Ho iniziato ad avvicinarmi al mondo dell’equitazione più di 6 anni fa, per puro caso. Una mia amica mi chiese se volessi assistere a una sua lezione di monta inglese, e più per volontà di mia madre che mia, feci anch’io un giretto a cavallo tenuto alla lunghina. Iniziai a frequentare regolarmente le lezioni, ma devo dire che non fu immediatamente che mi appassionai a questo mondo fatto di ben altro che semplici giri al trotto in un recinto.

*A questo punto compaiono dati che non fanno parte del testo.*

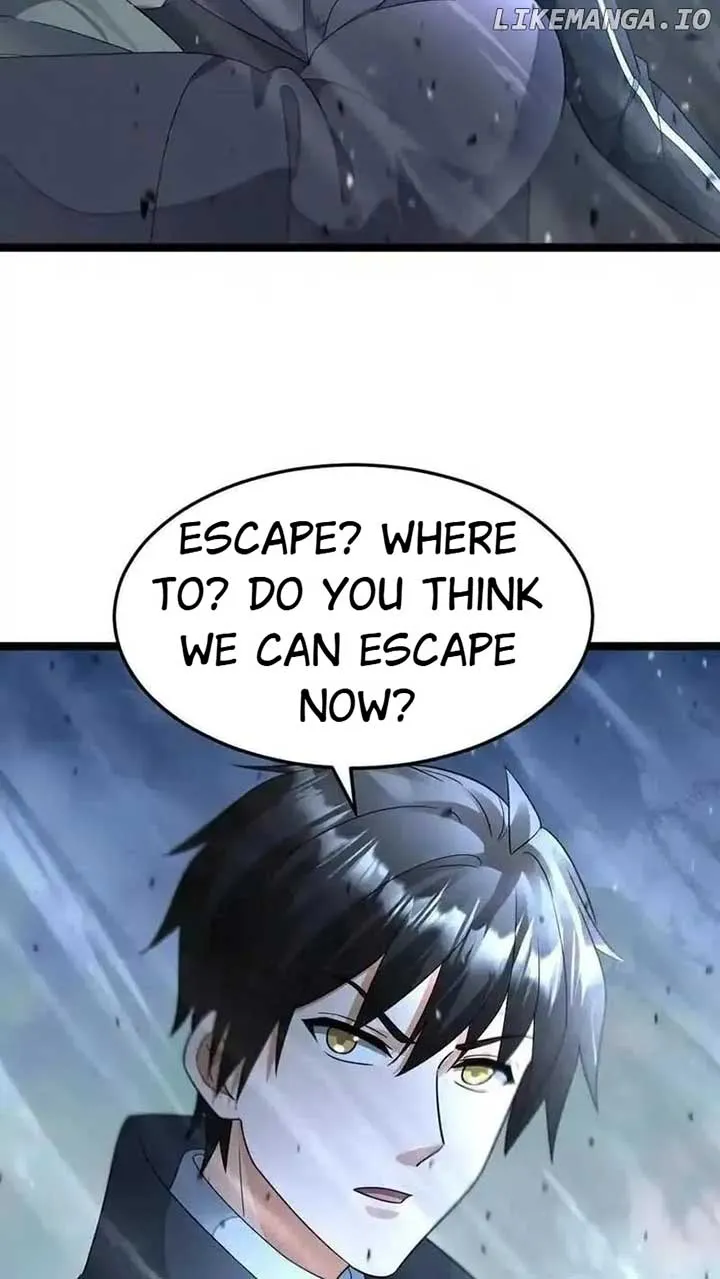 Global Freeze: I Created An Apocalypse Shelter Chapter 456 Online - página 13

Frequentai quel maneggio per due estati (d’inverno sospesi le lezioni), ma finì lì. Non rividi più nemmeno l’ombra di un cavallo per 5 anni, 5 anni in cui ho maturato una coscienza che mi ha fatto andare al di là delle apparenze.

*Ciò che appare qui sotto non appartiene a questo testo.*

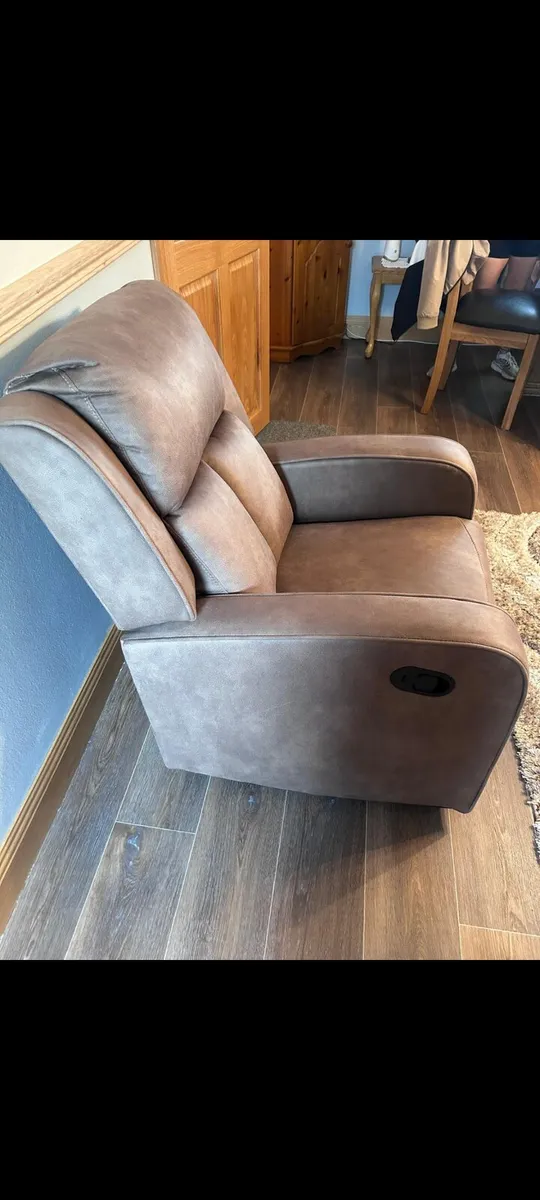 Sofa & Armchairs - Image 3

Ho così deciso di iniziare a capire teoricamente, se non potevo farlo con la pratica, cosa significhi avere a che fare con i cavalli, cosa sia l’equitazione, il rapporto tra un essere umano e un equino, quali sacrifici e doveri comporti tutto questo. E ho trovato le mie risposte nella monta americana.

Sono giunta alla conclusione che non è possibile concepire un essere vivente come uno sport qualsiasi, che dietro a un’ora al maneggio c’è ben più di una tagliata trasversale o di un cambio di galoppo. Ho fatto miei tutti quegli ideali che sigillano nel country lifestyle il rapporto mistico che si instaura tra essere umano, cavallo e natura, immancabile elemento caratteristico della tradizione western. Sono andata a fondo nello studio delle origini della figura del cowboy, non limitandomi al fantomatico stereotipo celebrato dall’epopea del cinema western o ai luoghi comuni che vedono in un semplice mandriano un pistolero impazzito o un ubriacone, comprendendo così la ferrea etica che egli stesso si impone in un lavoro, o meglio in uno stile di vita, che la esige.

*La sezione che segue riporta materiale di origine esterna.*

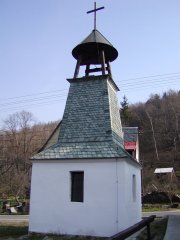 pohled zprava
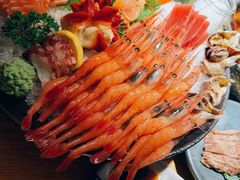 -枝魯枝魯自助料理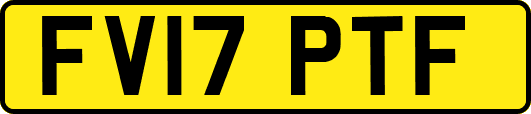 FV17PTF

Ho deciso, quindi, di riavvicinarmi fisicamente e realmente ai cavalli sapendo di avere una certa coscienza, una più matura consapevolezza, che mi portasse a vivere quella che nel frattempo è diventata una passione in modo più profondo.

Ho iniziato con delle passeggiate in campagna, e questo sugellò in modo definitivo il mio cambiamento di prospettiva: ricordo che, ai tempi del maneggio e della monta inglese, mi rifiutavo di uscire in passeggiata, avendo non  tanto paura, quanto vedendola come una cosa insensata. Oggi, invece, ho fatto di essa, del rapporto con l’ambiente e del vivere nella natura il mio obiettivo, non limitandomi a quella prospettiva (che purtroppo ancora oggi molti cavalieri hanno, anche e soprattutto quelli di alti livelli) che vede nel cavallo solo una macchina da gara, estraniandolo così dal suo ambiente naturale, ma trovando in lui un essere senziente e cosciente che è capace di darti una dose di amore incondizionato che non è possibile trovare nemmeno nella più pura forma d’amore del genere umano.

Da poco ho ricominciato a prendere lezioni di monta americana regolarmente, decisione dettata non dal bisogno di riempire il tempo libero, ma per imparare a gestire un cavallo in vista di esperienze future in passeggiata e trekking. Tuttavia, non mi piace e non mi rassegno ancora all’idea di dover frequentare un maneggio per un’ora alla settimana, come se andassi lì per salire, fare un giro su una giostra e poi scendere. Mi piacerebbe poter instaurare un legame con il cavallo, viverlo, ma non ho idea di come si faccia quando non hai un cavallo tuo, con il quale condividere tempo ed esperienze.

L’unica cosa che mi è ancora permessa fare è sperare nel futuro, nella possibilità di riuscire a costruire un percorso, anche se ho sempre più la coscienza che “volat inreparabile tempus” e che rimandare gli eventi non significhi altro che farteli sfuggire tra le dita.